##### RECORDED INFORMATION #####

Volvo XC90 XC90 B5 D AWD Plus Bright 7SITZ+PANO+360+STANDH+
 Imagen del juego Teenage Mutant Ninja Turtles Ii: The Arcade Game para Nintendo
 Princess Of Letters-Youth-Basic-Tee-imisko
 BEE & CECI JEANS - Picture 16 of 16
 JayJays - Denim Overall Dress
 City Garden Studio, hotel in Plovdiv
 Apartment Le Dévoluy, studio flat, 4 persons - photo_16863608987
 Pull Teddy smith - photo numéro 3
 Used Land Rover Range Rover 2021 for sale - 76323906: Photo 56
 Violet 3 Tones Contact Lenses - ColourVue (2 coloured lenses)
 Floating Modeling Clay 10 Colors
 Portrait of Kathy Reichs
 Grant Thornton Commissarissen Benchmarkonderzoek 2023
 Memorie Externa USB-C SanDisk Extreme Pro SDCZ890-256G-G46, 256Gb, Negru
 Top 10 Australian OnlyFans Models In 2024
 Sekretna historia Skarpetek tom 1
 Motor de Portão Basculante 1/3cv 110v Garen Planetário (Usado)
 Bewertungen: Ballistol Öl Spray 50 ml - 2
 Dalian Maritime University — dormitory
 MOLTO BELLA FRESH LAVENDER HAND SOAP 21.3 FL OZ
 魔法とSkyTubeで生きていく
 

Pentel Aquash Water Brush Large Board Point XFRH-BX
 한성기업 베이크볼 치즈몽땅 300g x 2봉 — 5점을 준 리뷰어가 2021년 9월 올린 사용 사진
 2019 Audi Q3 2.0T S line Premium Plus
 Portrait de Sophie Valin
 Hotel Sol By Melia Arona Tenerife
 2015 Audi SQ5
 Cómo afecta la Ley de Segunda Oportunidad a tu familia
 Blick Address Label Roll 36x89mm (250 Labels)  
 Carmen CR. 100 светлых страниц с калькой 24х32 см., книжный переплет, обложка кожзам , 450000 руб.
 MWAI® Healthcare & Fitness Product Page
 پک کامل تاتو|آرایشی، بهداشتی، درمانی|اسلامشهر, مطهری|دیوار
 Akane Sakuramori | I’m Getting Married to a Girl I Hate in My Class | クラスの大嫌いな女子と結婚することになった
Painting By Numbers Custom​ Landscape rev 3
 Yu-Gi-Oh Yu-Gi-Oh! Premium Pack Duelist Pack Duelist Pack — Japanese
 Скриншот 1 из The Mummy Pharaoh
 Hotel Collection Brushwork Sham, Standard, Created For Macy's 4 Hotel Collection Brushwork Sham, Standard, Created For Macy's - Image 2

#####

§ **TASK OBJECTIVE**
Copy each line of the data that contains the word "Plus".

§ **RESULT OF THIS TASK**
Volvo XC90 XC90 B5 D AWD Plus Bright 7SITZ+PANO+360+STANDH+
 2019 Audi Q3 2.0T S line Premium Plus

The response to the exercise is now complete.